» **Exercise details**
Print the entries exactly as given.

[Material to process Boundary: Start]

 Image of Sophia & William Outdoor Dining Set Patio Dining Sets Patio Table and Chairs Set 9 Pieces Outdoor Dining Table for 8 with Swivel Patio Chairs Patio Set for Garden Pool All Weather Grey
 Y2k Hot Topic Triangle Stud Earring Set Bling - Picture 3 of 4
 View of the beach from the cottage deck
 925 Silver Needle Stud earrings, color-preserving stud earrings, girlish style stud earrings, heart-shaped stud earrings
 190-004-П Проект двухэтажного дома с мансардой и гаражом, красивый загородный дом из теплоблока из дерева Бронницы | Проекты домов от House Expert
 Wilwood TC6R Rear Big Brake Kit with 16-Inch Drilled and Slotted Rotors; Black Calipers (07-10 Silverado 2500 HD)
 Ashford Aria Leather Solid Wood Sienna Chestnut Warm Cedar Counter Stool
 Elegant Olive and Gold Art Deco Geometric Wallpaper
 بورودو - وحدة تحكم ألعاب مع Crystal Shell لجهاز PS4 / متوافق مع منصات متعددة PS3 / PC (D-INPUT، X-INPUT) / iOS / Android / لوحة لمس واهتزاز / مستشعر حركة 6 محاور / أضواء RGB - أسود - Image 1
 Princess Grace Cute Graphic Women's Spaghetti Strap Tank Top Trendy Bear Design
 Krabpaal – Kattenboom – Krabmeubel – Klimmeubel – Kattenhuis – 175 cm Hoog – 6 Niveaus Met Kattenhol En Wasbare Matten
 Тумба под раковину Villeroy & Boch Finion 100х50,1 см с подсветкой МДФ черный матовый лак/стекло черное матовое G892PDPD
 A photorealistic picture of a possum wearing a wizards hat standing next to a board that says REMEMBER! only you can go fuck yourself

[Material to process Boundary: End]

» **Solved exercise**
 Image of Sophia & William Outdoor Dining Set Patio Dining Sets Patio Table and Chairs Set 9 Pieces Outdoor Dining Table for 8 with Swivel Patio Chairs Patio Set for Garden Pool All Weather Grey
 Y2k Hot Topic Triangle Stud Earring Set Bling - Picture 3 of 4
 View of the beach from the cottage deck
 925 Silver Needle Stud earrings, color-preserving stud earrings, girlish style stud earrings, heart-shaped stud earrings
 190-004-П Проект двухэтажного дома с мансардой и гаражом, красивый загородный дом из теплоблока из дерева Бронницы | Проекты домов от House Expert
 Wilwood TC6R Rear Big Brake Kit with 16-Inch Drilled and Slotted Rotors; Black Calipers (07-10 Silverado 2500 HD)
 Ashford Aria Leather Solid Wood Sienna Chestnut Warm Cedar Counter Stool
 Elegant Olive and Gold Art Deco Geometric Wallpaper
 بورودو - وحدة تحكم ألعاب مع Crystal Shell لجهاز PS4 / متوافق مع منصات متعددة PS3 / PC (D-INPUT، X-INPUT) / iOS / Android / لوحة لمس واهتزاز / مستشعر حركة 6 محاور / أضواء RGB - أسود - Image 1
 Princess Grace Cute Graphic Women's Spaghetti Strap Tank Top Trendy Bear Design
 Krabpaal – Kattenboom – Krabmeubel – Klimmeubel – Kattenhuis – 175 cm Hoog – 6 Niveaus Met Kattenhol En Wasbare Matten
 Тумба под раковину Villeroy & Boch Finion 100х50,1 см с подсветкой МДФ черный матовый лак/стекло черное матовое G892PDPD
 A photorealistic picture of a possum wearing a wizards hat standing next to a board that says REMEMBER! only you can go fuck yourself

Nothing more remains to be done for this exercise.